- **Your task**
With the pictures omitted, print exactly the lines below, from the one containing "VICTORIO CUTURE Mens" through the one containing "Με επιτυχία η", and nothing else.

Short text fragments from websites
####
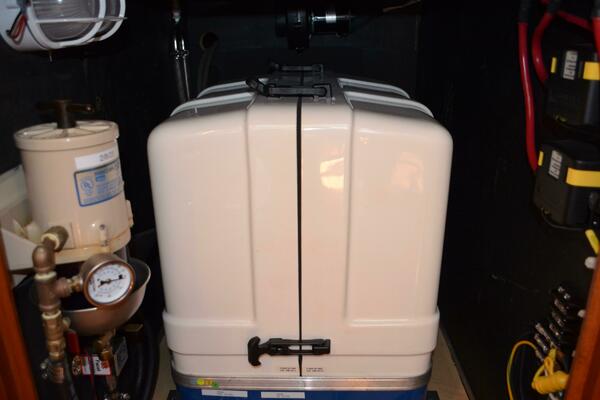 Fleur De Lys 43ft Hans Christian Yacht For Sale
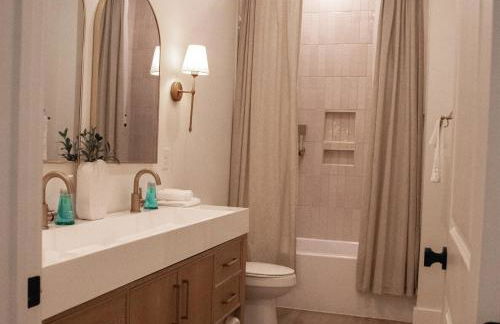 Sleeps 22! Ocean Views, Pool, FREE Golf Cart - Foto 61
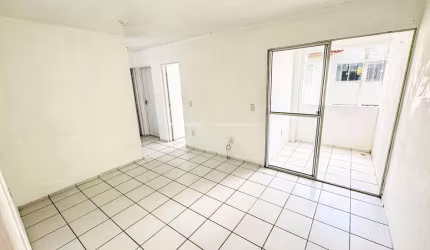 Vendo um apartamento de 2 quartos na Vila Vicente Fialho - Andréia Condomínio Residencial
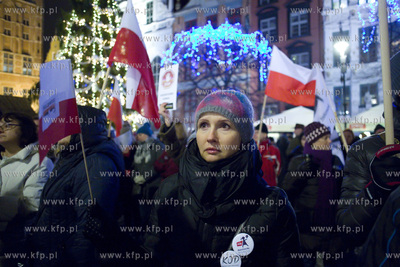 Długi Targ w Gdańsku. Protest środowisk opozycyjnych...
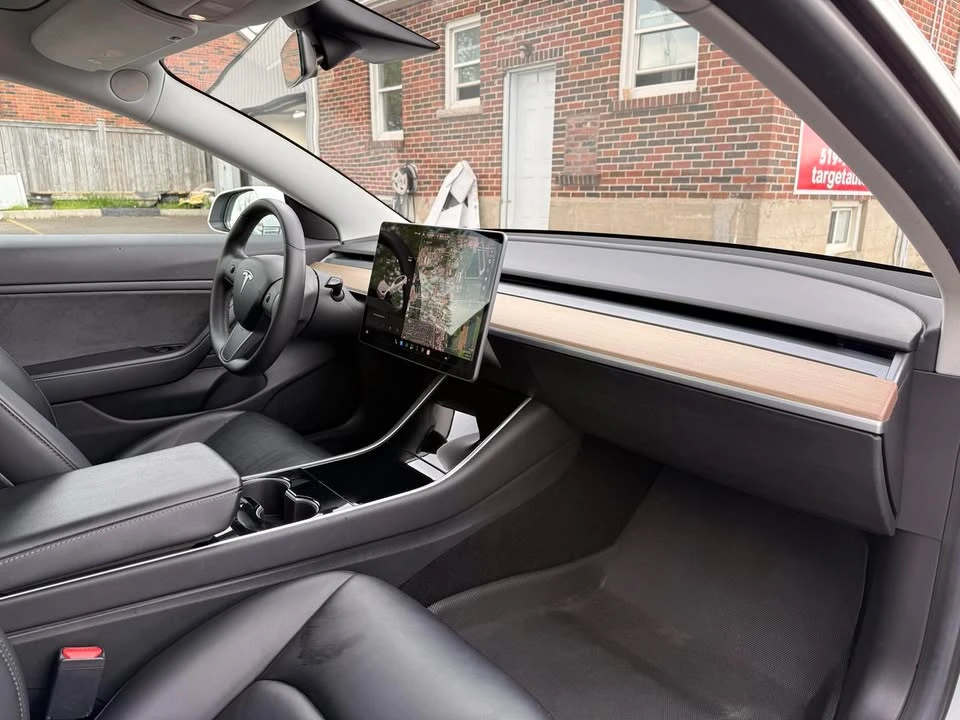 2019 Tesla Model 3 - Image 9 of 17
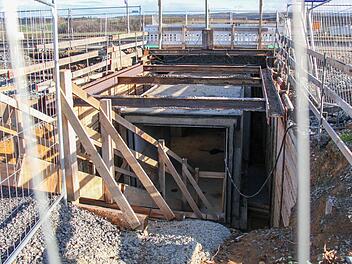 Mit einer neuen Unterführung und einer Rampe will die Deutsche Bahn den Bahnhof in Ebenhausen barrierefrei machen. Weil für die komplizierte Technik Spezialisten gebraucht werden, ist jetzt wieder eine Zwangspause auf der Baustelle angesagt. Fotos: Martina Straub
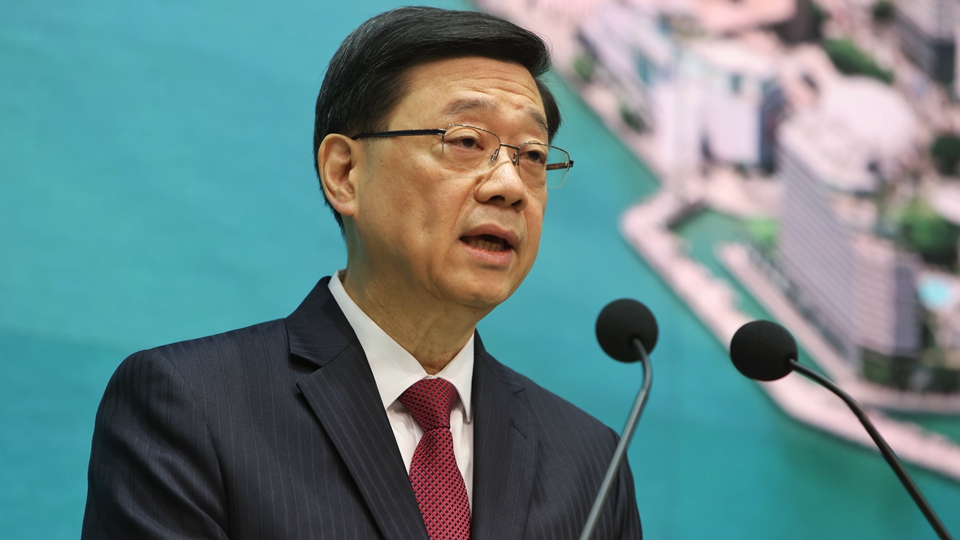 【港商時評】提高管治水平 強化施政新風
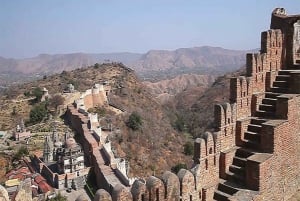 Kumbhalgarh Fort: Full-Day Private Tour with Lunch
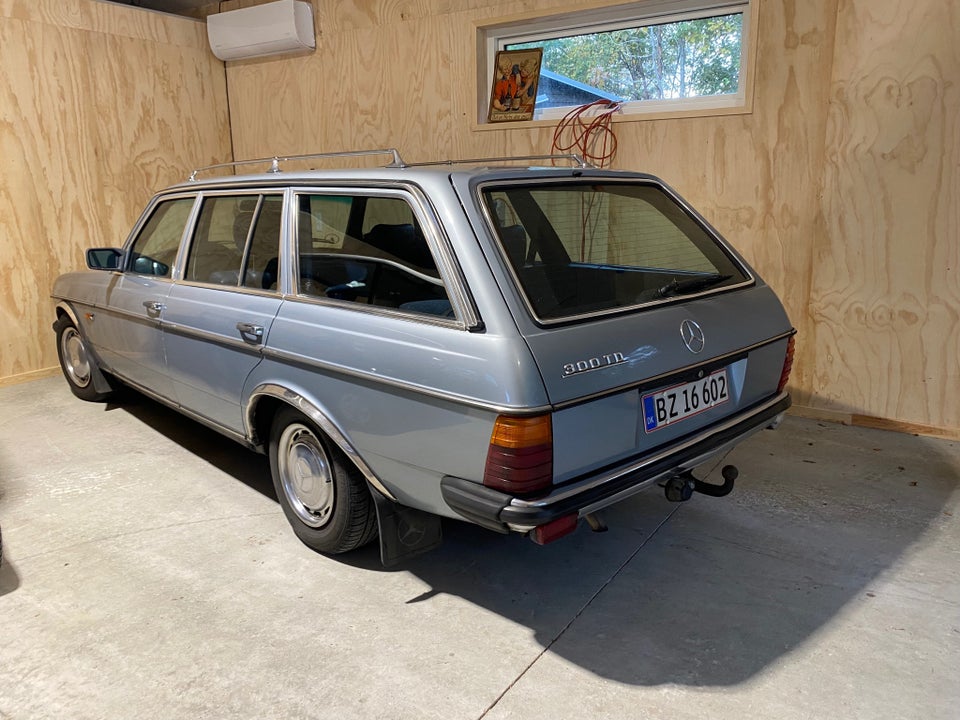 Mercedes 300 3,0 D aut. 4d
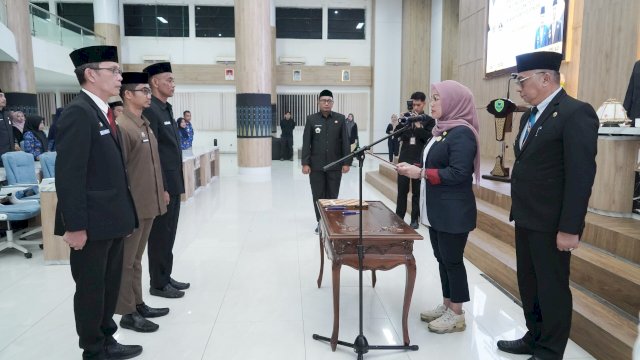 Ket: Bupati Barru, Andi Ina Kartika Sari dan Wakilnya Abustan A Bintang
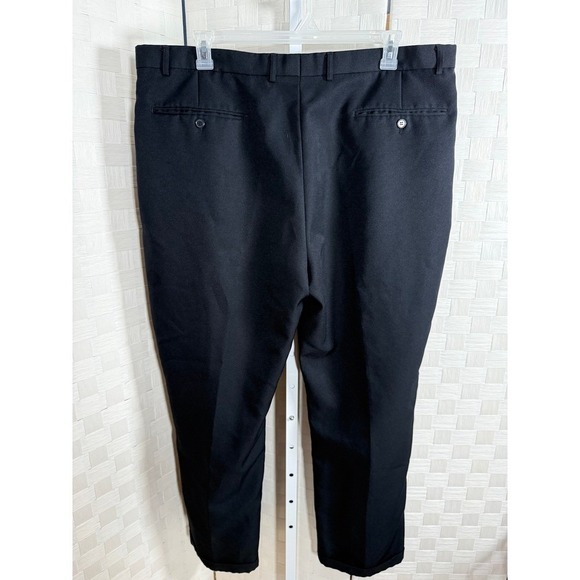 VICTORIO CUTURE Mens Black Wrinkle Resistant Pleated Dress Pants 44x32 Polyester - Picture 2 of 4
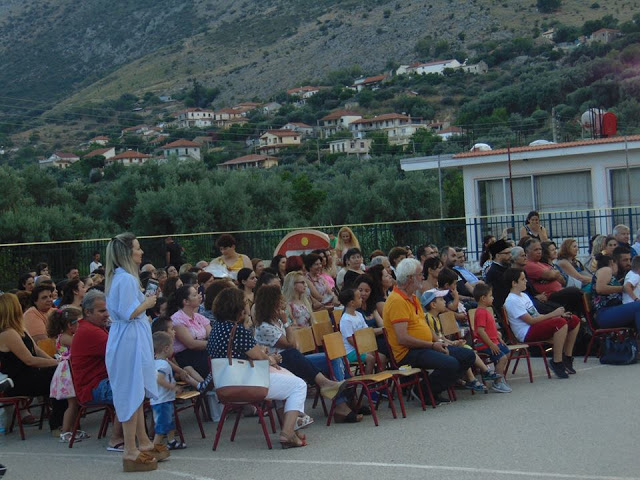 Με επιτυχία η θεατρική παράσταση «Καλημέρα Ελλάδα», από το Δημοτικό Σχολείο Κανδήλας -ΦΩΤΟ - Φωτογραφία 24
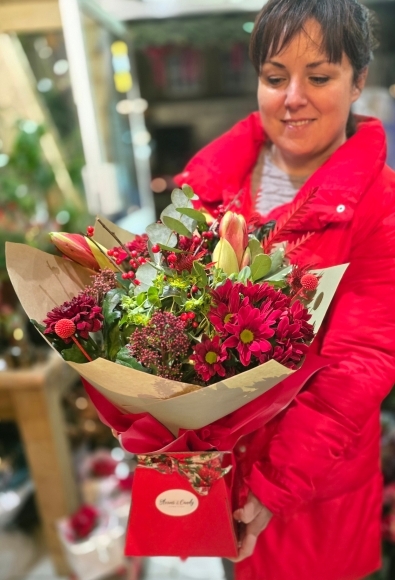 Best Christmas flowers by Blooms and Candy florist in Hayes, Bromley, Kent with guaranteed Christmas delivery in BR1 BR2 BR3 BR4 BR5 BR6 BR7 BR8 TN16 CR09 CR2 Park Langley, Elmers End, Kelsey Park, Spring Park, Norman Park, Elmstead, Plaistow Bromley,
####
- **Result below**
 VICTORIO CUTURE Mens Black Wrinkle Resistant Pleated Dress Pants 44x32 Polyester - Picture 2 of 4
 Με επιτυχία η θεατρική παράσταση «Καλημέρα Ελλάδα», από το Δημοτικό Σχολείο Κανδήλας -ΦΩΤΟ - Φωτογραφία 24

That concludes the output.